History

Argentina
- Name: Petrel
- Namesake: Petrel, an aquatic bird from Argentina’s littoral.
- Builder: Cadenazzi Shipyard, Argentina
- Commissioned: 17 de Julio de 1965(afirmación de pabellón)
- Homeport: Buenos Aires
- Status: Decommissioned

General characteristics
- Type: Hydrographic survey vessel
- Displacement: 54 tons
- Length: 19.6 m (64.3 ft)
- Beam: 4.3 m (14.1 ft)
- Draft: 1.9 m (6.2 ft)
- Propulsion: 2-shaft, 2 × Diesel engines, 340 hp (250 kW)
- Speed: 12 knots (14 mph; 22 km/h)
- Range: 1,152 nautical miles @ 9kn
- Complement: 8
- Notes: Career and characteristics data from “Histarmar”.

= ARA Petrel =

ARA Petrel was a hydrographic survey boat of the Argentine Navy, built in the Cadenazzi Shipyard and based in Buenos Aires.

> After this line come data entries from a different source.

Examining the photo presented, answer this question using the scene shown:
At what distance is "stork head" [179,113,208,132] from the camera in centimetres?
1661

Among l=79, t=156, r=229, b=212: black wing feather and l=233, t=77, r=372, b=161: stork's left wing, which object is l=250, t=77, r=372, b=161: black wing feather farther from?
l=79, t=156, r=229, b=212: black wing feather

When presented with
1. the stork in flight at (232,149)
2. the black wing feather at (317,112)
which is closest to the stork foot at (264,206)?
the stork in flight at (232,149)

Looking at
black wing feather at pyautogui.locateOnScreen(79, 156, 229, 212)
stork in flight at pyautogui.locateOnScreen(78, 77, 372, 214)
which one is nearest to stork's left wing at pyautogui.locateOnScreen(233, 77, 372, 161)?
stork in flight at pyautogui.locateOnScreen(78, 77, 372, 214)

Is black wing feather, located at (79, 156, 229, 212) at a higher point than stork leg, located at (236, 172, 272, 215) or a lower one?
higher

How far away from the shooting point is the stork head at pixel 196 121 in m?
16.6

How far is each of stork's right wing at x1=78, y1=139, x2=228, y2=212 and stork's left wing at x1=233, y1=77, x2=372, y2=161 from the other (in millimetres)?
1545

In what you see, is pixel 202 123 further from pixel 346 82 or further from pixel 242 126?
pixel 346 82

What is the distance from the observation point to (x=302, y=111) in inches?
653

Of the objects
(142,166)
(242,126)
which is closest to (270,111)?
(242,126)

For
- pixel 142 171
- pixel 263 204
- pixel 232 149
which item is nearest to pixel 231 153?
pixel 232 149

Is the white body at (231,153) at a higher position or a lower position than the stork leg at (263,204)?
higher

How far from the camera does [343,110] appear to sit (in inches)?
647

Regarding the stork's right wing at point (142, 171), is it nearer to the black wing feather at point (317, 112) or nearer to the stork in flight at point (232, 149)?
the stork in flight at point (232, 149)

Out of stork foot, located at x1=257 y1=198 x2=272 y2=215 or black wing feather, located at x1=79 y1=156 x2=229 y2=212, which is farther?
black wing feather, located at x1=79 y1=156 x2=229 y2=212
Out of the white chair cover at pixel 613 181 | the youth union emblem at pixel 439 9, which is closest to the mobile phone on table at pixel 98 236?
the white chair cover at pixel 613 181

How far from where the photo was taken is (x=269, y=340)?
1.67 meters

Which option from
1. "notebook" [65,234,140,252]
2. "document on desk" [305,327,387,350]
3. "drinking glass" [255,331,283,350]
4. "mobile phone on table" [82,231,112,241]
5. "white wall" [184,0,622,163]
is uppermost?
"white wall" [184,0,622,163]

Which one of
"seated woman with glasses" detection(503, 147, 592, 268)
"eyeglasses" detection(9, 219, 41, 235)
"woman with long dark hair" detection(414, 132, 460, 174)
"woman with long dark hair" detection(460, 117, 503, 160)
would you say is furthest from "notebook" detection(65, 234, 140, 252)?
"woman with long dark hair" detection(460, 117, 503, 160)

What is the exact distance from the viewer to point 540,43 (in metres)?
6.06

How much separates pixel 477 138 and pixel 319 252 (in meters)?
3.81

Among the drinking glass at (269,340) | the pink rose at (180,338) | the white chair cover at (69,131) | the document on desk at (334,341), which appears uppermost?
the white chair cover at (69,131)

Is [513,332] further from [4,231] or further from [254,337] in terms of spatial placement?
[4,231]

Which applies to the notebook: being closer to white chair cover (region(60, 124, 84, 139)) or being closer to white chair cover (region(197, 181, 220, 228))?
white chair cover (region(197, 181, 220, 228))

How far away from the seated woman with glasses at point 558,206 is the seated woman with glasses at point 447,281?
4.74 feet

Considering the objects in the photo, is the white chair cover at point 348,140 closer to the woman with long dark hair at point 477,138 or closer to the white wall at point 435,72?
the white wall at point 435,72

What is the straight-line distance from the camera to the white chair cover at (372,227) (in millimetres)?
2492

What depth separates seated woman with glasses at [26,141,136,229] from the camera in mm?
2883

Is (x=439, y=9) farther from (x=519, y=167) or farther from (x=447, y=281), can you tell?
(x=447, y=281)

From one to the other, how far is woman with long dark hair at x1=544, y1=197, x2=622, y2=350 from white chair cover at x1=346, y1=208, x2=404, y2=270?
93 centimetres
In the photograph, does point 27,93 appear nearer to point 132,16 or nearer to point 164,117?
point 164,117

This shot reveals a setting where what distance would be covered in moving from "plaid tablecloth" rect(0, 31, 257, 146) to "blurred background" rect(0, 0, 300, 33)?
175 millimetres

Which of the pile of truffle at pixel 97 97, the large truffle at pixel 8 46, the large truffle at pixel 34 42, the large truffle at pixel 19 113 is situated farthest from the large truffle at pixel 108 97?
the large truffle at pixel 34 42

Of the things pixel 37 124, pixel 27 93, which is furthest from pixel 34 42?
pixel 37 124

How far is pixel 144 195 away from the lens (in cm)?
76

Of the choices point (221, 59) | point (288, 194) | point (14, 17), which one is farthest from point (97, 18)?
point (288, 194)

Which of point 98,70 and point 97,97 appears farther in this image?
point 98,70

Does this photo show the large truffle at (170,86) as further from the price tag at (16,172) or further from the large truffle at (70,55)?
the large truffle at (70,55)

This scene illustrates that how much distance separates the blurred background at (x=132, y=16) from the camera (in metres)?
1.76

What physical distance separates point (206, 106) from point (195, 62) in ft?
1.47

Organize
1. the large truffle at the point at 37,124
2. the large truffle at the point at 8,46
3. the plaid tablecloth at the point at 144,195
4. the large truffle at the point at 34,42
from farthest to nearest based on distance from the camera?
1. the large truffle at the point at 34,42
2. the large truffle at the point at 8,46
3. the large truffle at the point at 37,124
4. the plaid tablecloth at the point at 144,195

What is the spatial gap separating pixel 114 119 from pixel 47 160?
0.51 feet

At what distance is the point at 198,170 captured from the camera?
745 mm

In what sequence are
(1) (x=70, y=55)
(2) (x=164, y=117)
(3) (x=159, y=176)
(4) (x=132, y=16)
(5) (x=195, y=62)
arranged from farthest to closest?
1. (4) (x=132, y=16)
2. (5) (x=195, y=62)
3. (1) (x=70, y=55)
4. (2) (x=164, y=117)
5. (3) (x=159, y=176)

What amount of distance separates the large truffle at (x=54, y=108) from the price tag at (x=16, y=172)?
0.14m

The vessel is named after the petrel, a seabird that inhabits Argentina's littoral, and is the third Argentine naval ship with this name.

== Design ==

Petrel was a coastal and fluvial research ship designed by the engineering team at Cadenazzi Shipyard, where it was built.

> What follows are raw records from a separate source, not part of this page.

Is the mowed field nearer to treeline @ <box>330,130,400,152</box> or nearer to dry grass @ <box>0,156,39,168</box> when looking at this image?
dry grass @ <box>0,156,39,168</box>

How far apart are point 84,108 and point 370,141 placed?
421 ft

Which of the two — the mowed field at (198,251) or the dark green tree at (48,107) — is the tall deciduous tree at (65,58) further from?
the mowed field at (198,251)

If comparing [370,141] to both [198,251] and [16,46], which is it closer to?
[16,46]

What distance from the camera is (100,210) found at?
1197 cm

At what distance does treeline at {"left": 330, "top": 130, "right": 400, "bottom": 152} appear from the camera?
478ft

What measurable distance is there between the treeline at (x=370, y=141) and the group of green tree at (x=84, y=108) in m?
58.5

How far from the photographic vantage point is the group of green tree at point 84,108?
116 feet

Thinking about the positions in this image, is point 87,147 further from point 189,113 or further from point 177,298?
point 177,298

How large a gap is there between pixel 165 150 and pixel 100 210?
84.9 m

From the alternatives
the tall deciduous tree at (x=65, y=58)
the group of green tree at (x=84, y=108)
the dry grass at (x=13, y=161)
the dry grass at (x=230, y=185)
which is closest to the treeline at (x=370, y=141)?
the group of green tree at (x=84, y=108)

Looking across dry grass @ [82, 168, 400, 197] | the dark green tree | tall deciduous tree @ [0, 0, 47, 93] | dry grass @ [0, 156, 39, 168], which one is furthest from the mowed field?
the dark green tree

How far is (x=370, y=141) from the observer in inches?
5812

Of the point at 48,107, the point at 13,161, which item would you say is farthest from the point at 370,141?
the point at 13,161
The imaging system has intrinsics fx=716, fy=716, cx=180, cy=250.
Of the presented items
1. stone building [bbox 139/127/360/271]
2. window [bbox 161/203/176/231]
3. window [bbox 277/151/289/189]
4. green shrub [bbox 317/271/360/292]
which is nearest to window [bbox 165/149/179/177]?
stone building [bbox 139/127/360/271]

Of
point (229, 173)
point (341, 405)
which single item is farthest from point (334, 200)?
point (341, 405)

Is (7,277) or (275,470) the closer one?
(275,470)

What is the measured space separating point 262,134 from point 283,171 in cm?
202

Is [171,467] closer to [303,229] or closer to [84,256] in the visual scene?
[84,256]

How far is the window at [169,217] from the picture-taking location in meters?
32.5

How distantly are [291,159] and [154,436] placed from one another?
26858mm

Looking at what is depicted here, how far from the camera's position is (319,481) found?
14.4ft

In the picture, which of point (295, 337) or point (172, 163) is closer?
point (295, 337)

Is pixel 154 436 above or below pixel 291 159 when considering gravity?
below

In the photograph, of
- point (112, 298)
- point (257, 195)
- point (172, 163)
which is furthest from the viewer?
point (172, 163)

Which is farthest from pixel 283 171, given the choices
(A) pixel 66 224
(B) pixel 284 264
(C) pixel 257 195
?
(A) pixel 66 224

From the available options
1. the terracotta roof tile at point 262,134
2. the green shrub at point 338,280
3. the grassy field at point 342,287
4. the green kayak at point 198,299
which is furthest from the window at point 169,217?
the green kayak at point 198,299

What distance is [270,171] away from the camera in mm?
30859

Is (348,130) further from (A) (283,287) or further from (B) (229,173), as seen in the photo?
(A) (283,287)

It was powered by two diesel engines driving two propellers.

== History ==

Petrel was built in the Cadenazzi Shipyard, in Tigre, Buenos Aires. Commissioned by the Argentine Navy in July 1965, she was assigned to the Naval Hydrographic Service ( Servicio de Hidrografía Naval).

She undertook several campaigns, which included sounding, current measuring, water sampling and bottom sampling; same as the survey launch Cormorán.

As of late 2015, Petrel has been decommissioned.